Historically, the two octane tests were designed to bracket the operating conditions of typical engines in the 1930s, where higher RON and MON generally meant better anti-knock quality. However, modern engines with direct injection (DI), turbocharging and variable valve timing (VVT) have vastly different cylinder conditions from those in the octane rating tests. As a result, the relevance of RON and MON to modern engines has received significant attention. Various studies in gasoline turbocharged direct-injection (GTDI) engines found that fuels of higher RON and lower MON (i.e. higher S) showed higher knock resistance and therefore allowed engines to operate with higher efficiency at high-load conditions [13], [14], [15], [16], [17], [18]. Vehicle tests reported similar trends, where the acceleration performance improved with fuels of high RON and low MON [15], [19], [20]. These findings indicate the relevance of RON and MON to knock resistance in modern SI engines should be re-evaluated.

An alternative metric, Octane Index (OI), was proposed by Kalghatgi in 2001 [20], [21] to characterize a fuel’s actual anti-knock quality in modern engines. As given by Eq. (1), OI is a linear combination of the RON and MON. K is a weighting factor that is primarily dependent on engine design and engine operating conditions. For example, the anti-knock index (AKI) used in North America approximates the OI by evenly weighting the RON and MON to a fuel’s actual anti-knock quality (K = 0.5). The OI concept therefore generally reflects a fuel’s knock resistance relative to its RON and MON ratings. A more commonly used expression for OI is given by Eq. (2), where S is the octane sensitivity. For an octane sensitive fuel (S greater than 0), its OI can be larger than the RON (when K less than 0), or smaller than the MON (when K greater than 1), or in between, depending on the engine operation conditions. For PRFs, the OI always equals the RON and MON because S = 0. Although K is irrelevant in this case, PRFs provide a valuable reference for K determination, as shown later.

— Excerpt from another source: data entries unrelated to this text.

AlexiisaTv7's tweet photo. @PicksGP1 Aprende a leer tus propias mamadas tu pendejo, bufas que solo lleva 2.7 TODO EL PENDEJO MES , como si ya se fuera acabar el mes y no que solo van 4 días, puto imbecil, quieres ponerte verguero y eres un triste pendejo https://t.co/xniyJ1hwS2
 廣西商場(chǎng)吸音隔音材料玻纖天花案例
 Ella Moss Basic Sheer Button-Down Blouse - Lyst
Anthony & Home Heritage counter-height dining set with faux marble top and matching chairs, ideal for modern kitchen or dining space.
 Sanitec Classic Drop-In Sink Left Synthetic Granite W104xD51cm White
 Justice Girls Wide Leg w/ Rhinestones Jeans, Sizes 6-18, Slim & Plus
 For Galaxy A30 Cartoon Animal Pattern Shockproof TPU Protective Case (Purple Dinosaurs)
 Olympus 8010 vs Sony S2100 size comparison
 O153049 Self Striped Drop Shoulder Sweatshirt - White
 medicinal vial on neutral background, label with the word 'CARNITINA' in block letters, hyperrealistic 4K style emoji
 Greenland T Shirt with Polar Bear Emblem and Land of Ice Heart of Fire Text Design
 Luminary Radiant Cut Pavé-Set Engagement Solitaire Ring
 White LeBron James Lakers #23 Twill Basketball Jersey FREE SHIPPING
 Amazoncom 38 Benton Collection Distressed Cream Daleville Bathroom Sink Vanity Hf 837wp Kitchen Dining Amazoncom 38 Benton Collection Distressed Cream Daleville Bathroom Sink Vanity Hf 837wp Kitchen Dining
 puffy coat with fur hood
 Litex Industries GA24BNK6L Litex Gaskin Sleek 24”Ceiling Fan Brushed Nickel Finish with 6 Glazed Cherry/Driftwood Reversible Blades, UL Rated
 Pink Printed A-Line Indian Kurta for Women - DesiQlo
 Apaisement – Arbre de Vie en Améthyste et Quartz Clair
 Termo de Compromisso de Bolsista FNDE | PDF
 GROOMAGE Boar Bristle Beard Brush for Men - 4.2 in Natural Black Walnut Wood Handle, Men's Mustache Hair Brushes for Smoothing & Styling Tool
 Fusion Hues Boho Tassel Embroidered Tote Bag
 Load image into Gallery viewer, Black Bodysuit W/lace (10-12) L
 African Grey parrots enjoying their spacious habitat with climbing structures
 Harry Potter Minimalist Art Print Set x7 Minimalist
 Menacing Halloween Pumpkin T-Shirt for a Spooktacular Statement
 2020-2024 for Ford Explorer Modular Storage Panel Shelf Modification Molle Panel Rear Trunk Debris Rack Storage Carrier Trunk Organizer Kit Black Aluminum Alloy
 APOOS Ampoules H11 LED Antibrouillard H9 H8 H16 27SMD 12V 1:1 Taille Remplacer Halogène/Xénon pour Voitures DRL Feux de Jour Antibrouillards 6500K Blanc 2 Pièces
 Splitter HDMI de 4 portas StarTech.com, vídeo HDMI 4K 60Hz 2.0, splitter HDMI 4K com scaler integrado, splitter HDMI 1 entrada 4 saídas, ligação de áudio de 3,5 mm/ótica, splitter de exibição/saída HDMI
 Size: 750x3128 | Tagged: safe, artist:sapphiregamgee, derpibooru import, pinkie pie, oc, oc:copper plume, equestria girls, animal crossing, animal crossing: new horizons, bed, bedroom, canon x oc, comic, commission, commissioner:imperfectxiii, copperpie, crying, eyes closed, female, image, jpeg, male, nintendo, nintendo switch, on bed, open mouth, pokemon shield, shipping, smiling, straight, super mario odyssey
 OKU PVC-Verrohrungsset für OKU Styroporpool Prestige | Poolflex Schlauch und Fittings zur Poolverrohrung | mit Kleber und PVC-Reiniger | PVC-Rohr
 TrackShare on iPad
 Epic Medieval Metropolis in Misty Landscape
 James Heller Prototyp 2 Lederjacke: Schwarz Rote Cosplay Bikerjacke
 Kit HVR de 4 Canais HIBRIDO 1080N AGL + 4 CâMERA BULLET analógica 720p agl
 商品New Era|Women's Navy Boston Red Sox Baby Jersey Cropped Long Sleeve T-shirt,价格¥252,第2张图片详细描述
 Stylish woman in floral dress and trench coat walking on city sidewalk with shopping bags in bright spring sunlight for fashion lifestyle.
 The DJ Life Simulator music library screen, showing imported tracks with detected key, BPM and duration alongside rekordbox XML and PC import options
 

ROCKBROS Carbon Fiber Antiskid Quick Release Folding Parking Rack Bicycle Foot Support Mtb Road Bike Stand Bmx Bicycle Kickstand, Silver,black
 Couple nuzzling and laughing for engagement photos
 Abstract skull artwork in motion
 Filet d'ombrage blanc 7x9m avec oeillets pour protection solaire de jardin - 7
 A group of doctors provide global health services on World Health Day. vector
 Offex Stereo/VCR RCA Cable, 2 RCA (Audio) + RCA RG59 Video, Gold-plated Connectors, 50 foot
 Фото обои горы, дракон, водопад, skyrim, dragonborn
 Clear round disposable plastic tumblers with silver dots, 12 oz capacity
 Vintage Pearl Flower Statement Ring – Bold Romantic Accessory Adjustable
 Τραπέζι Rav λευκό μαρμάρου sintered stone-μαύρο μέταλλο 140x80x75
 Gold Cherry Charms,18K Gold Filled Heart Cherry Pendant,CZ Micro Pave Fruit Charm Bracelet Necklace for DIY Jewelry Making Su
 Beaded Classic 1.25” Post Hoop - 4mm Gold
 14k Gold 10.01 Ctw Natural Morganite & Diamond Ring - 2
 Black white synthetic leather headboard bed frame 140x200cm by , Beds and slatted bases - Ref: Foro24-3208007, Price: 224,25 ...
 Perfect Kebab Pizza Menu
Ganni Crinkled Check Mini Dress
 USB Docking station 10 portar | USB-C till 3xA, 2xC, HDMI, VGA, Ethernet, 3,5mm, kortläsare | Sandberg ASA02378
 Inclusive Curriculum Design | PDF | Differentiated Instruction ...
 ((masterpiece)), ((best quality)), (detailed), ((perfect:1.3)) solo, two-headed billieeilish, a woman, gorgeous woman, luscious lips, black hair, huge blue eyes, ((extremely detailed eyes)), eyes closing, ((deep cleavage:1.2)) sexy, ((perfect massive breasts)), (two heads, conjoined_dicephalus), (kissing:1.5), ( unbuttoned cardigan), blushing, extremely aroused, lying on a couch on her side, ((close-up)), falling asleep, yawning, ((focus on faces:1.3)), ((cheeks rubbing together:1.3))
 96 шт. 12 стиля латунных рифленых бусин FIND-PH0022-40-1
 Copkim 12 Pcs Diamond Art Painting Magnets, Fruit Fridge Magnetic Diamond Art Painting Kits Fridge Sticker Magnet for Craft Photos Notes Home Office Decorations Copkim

$$\mathit{OI}=\left(1-K\right)\bullet RON+K\bullet MON$$

$$\mathit{OI}=RON-K\bullet S$$

In principle, K can be used to quantify the relative significance of the RON and MON to SI engine combustion. For example, when K is greater than 0.5, the MON is more important than the RON, and the higher the MON, the stronger the knock resistance is (at that operating condition in that engine); however, when K is negative, a higher MON causes a lower OI. Indeed, previous studies in modern SI engines showed that K was negative at most high-load conditions and therefore concluded that fuels of lower MON were advantageous [15], [16], [17], [21], [22], [23]. However, in practical driving, engines primarily operate at part loads, and recent studies found that K could be positive at part-load, knock-limited conditions [24], [25]. Therefore, further study is needed to determine K over a wide range of conditions in modern SI engines.

The objective of this work, therefore, is to determine K values in the Octane Index model over the full operation map of a modern GTDI engine, including severe operating conditions that involve high intake air and/or high coolant temperatures. A novel fuel blending system is developed to continuously prepare and supply PRF mixtures of the needed composition in real time to match the anti-knock performance of a 92 RON/83 MON gasoline, from which the K of each condition is determined. The obtained K dataset is used to generate a contour map of K overlaid on the engine operation map. The comprehensive dataset also enables statistical analysis for potential correlations between K and the end gas states, of which fundamental understanding is currently lacking.